At the end of the day, the shareholder’s are very happy about their profit maximization. Overtime, Zara has been able to rise to #53 for most valuable brand name. And I’m just skimming the surface at the practical applications of technology and supply chain. Big data, AI, and machine learning will become a factor in how to optimize selling a product. Soon we could move beyond the plan-o-gram system, and truly automate how our retailers work to maximize their profits.






  1. drewsimenson · ·

    Nice post! Zara is doing incredible things with “fast fashion” using data to keep supply chain super efficient and getting new styles on the shelves that respond to consumers’ feedback practically in real time as compared to the traditional way clothing retailers have been doing things.

  2. Great post! I agree that Zara has been a retailer that is really good at using digital technology to improve both its operations and customer service. It has sometimes made me wonder why competitor companies like Gap have not tried to learn from Zara. I am excited to see how retailers in general will continue to use data to improve their supply chains.

  3. laurencondon23 · ·

    Really liked this post! As someone who shops at Zara, I have appreciated the fast fashion benefits of their responsive supply chain first hand. However, I have also been exposed to potential quality downsides as well. At the Zara in my hometown, a woman purchased a dress and later came to the realization while at work that there was a rodent sewn into the lining of it… While this may have occurred even if Zara did use a traditional supply chain, it begs the question of whether they are so concerned with fast production to capitalize on fashion trends that their quality is suffering?

  4. Nice post. I taught about Zara for years in ISYS0021 (COmputers in Management) and its nice to get an update on what they’re up to.

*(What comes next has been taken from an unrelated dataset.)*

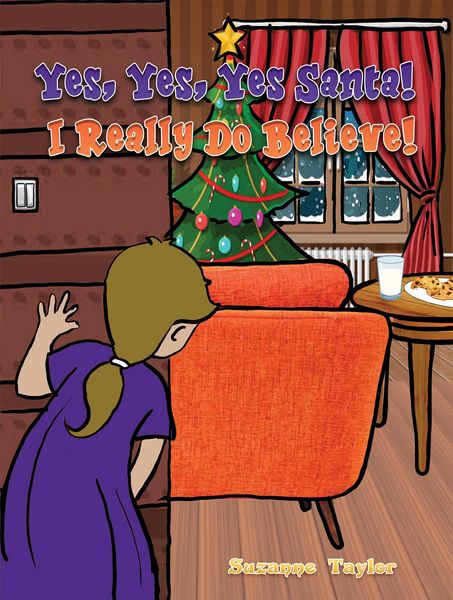 Produktbild: Yes, Yes, Yes Santa! I Really Do Believe!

  5. Interesting post! I think Zara is an interesting company. While studying abroad I saw how in each country the styles were a little different based on local customs. Studying in Milan made me appreciate all the fashion trends more than I do back home so I was specifically interested in how fast fashion works. Zara’s inventory management is so fine-tuned but also really customer friendly. I needed a different size of a product that was at the end of its lifecycle so the Zara I was at ordered it from another one.

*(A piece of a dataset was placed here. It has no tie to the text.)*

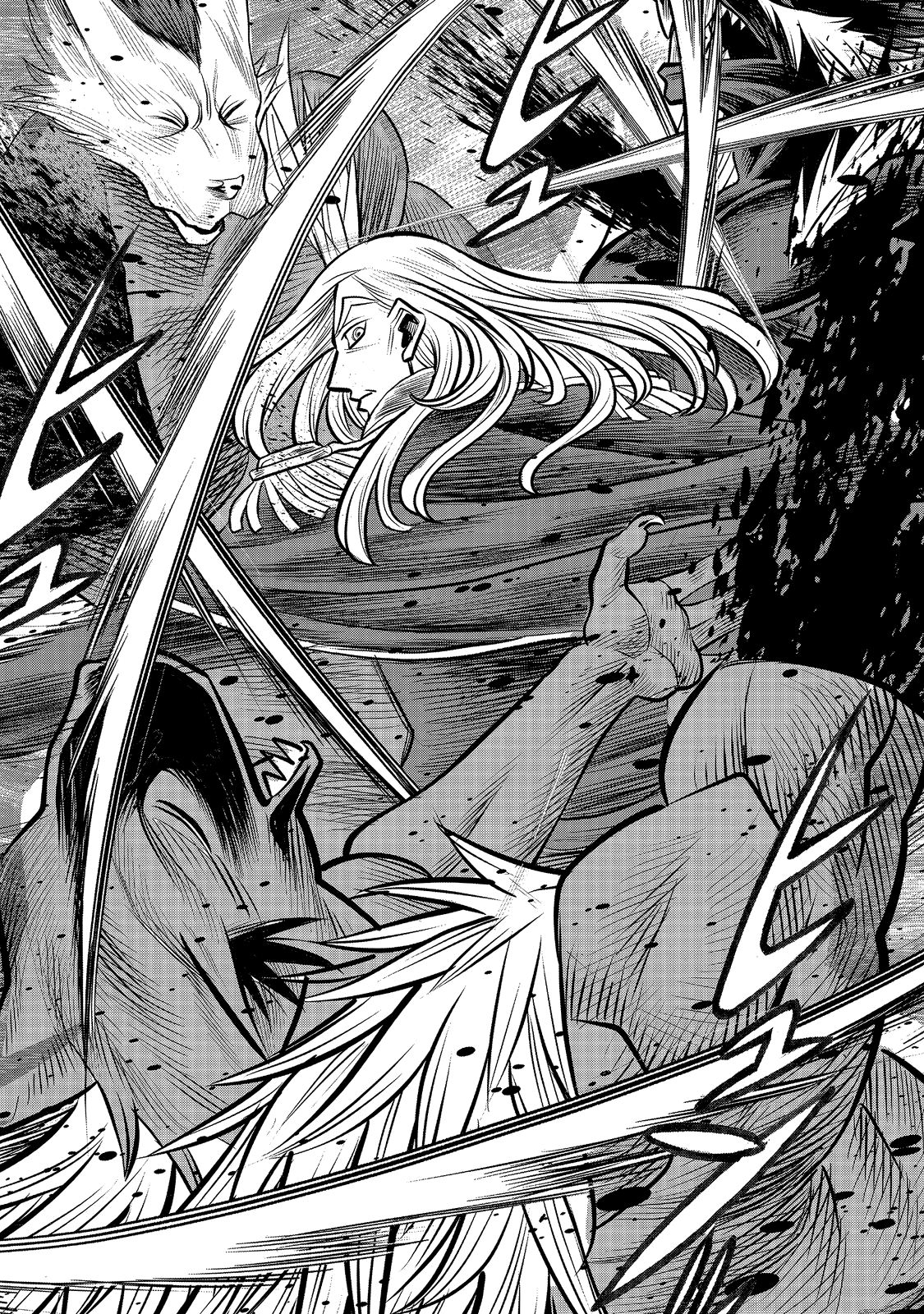 Dance in the Vampire Bund A.S.O Capítulo 92 - Página 6 en español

    One thing that rubs me the wrong way about Zara/ fast fashion is the impact on the environment. Because people are just buying, buying, buying, they are throwing away more, there are more shipments happening, and more fabric being used. Zara will have to work to maintain it’s popularity in the face of rising environmental awareness.

  6. ItsUlker · ·

    Nice post! I am a big fan of Zara and I am also fascinated by the way their business is run. It is so successful that the CEO and the owner (he is also the founder) of the company is a billionaire and the second-richest person in the whole world. Their supply chain is at the heart of their success. Beyond what you mentioned in the post, they also utilize “modular” layout for their factories, where designers work on desinging new items and are surrounded by all the materials and fabrics they need (which were clearly selected based on data), and once the design is completed it is moved into production. And the whole process takes less than 2 weeks – Zara is notorious for adding new items every two weeks, if not every week. And by following the data, they can always choose to add more of a “good” item in the upcoming week, or to stop the production in favor of something that is more popular. It very different from the way other fashion retailers run their operations but it is what makes Zara such a giant – Gap’s CEO has even mentioned that although they would love to do what Zara does, it would require them to reorganize the whole company in order to be able to do so.